A number of the decade’s top stories occurred during a tumultuous two-month period in the fall of 2008. As the mortgage and financial crisis grew, 70% of Americans said they were following economic conditions very closely in September of 2008, and in October 59% reported very close attention to the stock market declines specifically. Around the same time, 62% said they were following the debate in Washington over plans to use government funds to stabilize the markets very closely. By this measure, public interest in the bank bailout debate was far more intense than the highest levels of interest in the 2009-2010 health care debate (51% followed very closely in the final week before passage) or the 2009 stimulus debate (50% very closely). And to top off a month packed with economic news, 61% of Americans were following the 2008 election very closely at the same time.
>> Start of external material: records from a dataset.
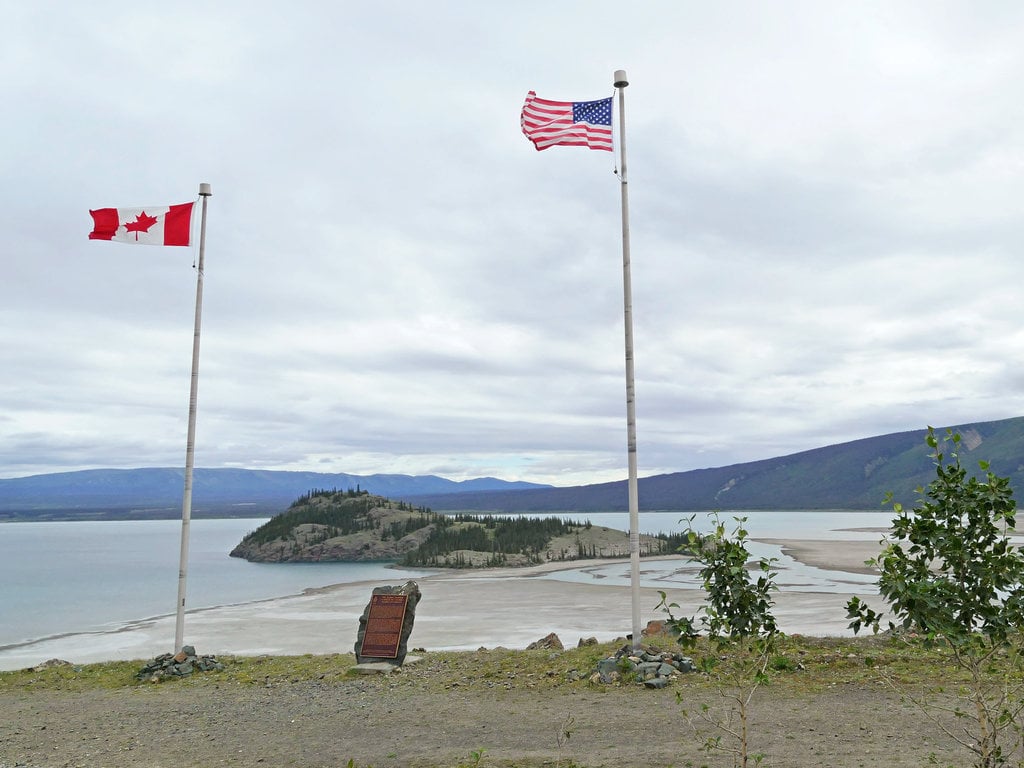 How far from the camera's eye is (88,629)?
4484 centimetres

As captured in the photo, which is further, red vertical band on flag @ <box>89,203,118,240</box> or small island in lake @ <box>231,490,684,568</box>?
small island in lake @ <box>231,490,684,568</box>

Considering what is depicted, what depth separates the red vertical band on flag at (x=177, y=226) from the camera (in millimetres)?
21891

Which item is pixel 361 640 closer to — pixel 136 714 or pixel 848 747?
pixel 136 714

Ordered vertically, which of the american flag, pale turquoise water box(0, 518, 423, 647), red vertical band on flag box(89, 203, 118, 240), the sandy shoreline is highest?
the american flag

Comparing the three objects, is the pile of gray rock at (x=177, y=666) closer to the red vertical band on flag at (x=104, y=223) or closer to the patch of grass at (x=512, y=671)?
the patch of grass at (x=512, y=671)

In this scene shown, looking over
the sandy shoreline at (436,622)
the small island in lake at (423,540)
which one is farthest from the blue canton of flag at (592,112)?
the small island in lake at (423,540)

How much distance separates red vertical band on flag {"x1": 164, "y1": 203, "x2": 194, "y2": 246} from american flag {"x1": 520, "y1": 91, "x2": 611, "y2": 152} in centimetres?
1002

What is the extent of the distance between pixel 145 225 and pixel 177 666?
12.2 meters

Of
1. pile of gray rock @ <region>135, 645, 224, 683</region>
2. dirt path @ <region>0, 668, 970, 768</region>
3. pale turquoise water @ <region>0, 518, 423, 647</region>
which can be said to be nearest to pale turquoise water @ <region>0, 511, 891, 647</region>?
pale turquoise water @ <region>0, 518, 423, 647</region>

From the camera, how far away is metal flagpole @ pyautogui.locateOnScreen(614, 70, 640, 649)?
18.0 m

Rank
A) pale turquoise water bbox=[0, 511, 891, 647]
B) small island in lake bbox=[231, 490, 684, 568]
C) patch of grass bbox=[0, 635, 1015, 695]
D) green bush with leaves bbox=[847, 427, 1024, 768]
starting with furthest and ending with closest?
small island in lake bbox=[231, 490, 684, 568], pale turquoise water bbox=[0, 511, 891, 647], patch of grass bbox=[0, 635, 1015, 695], green bush with leaves bbox=[847, 427, 1024, 768]

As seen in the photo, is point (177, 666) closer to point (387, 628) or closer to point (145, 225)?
point (387, 628)

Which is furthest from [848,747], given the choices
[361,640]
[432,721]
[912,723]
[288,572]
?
[288,572]

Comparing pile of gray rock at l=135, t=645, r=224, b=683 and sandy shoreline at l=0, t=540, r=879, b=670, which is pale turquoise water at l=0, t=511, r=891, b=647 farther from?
pile of gray rock at l=135, t=645, r=224, b=683
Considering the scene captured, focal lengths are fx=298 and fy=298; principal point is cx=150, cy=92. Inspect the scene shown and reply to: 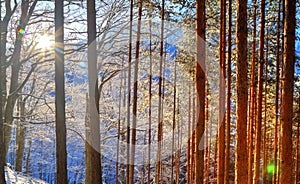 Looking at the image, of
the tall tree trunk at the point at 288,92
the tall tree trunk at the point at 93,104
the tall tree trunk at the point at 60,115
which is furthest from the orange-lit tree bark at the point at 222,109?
the tall tree trunk at the point at 60,115

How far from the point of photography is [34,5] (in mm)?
10914

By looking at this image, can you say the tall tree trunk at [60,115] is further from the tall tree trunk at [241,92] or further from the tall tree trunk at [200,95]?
the tall tree trunk at [241,92]

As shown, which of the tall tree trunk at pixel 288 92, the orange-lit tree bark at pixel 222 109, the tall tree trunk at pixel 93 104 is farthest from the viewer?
the orange-lit tree bark at pixel 222 109

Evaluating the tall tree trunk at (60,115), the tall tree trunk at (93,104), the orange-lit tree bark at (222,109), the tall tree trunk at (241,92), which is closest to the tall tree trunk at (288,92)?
the tall tree trunk at (241,92)

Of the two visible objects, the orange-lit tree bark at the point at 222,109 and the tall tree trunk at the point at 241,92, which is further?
the orange-lit tree bark at the point at 222,109

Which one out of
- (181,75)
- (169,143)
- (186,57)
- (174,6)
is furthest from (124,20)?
(169,143)

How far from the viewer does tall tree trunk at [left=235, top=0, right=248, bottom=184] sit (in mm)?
6539

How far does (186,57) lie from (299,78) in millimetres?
4734

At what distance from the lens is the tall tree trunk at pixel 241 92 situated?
6539mm

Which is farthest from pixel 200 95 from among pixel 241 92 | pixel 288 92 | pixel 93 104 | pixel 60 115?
pixel 60 115

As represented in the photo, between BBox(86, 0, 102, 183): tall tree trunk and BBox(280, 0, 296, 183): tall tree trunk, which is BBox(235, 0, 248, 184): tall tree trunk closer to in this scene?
BBox(280, 0, 296, 183): tall tree trunk

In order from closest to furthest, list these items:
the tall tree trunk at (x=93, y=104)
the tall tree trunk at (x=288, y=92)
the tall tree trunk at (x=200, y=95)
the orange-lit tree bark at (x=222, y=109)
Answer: the tall tree trunk at (x=288, y=92) < the tall tree trunk at (x=200, y=95) < the tall tree trunk at (x=93, y=104) < the orange-lit tree bark at (x=222, y=109)

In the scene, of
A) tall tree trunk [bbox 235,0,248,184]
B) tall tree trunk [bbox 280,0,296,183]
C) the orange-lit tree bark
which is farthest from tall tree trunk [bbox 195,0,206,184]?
the orange-lit tree bark

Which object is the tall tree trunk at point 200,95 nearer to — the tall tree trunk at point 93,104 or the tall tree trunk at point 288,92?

Interest in news reports about the situation in Iraq peaked during the early months of the war. In May 2003, during the week in which President Bush delivered his “Mission Accomplished” speech and two weeks after the fall of Baghdad, 63% said they were following news about the situation in Iraq very closely. Just a year later, a darker chapter in the war – the offensive by insurgents in Fallujah and allegations of abuse by U.S. troops at abu Ghraib prison – also drew considerable interest. In May 2004, 54% said they followed news about the situation in Iraq very closely.
Public attention to news about the war in Afghanistan was highest when military action began in late 2001 and early 2002, when 51% were following very closely. By the summer of 2002 interest had fallen off substantially; in July 2002 41% were following events in Afghanistan very closely. In recent years, the highest level of interest in Afghanistan came in late 2009 as Barack Obama announced his plans for winding down the U.S. military effort there. In December of that year, 43% followed his policy announcement very closely.
Of the biggest news stories of 2010, three make the list of the decade’s top stories: the earthquake in Haiti, which 60% followed very closely, is among the top ten most closely followed stories of the decade. Slightly lower, the oil spill in the Gulf of Mexico this summer was followed very closely by 59% at the peak of public interest. And the final debate over health care reform was followed very closely by 51%, just edging in to the top 25 stories of the decade.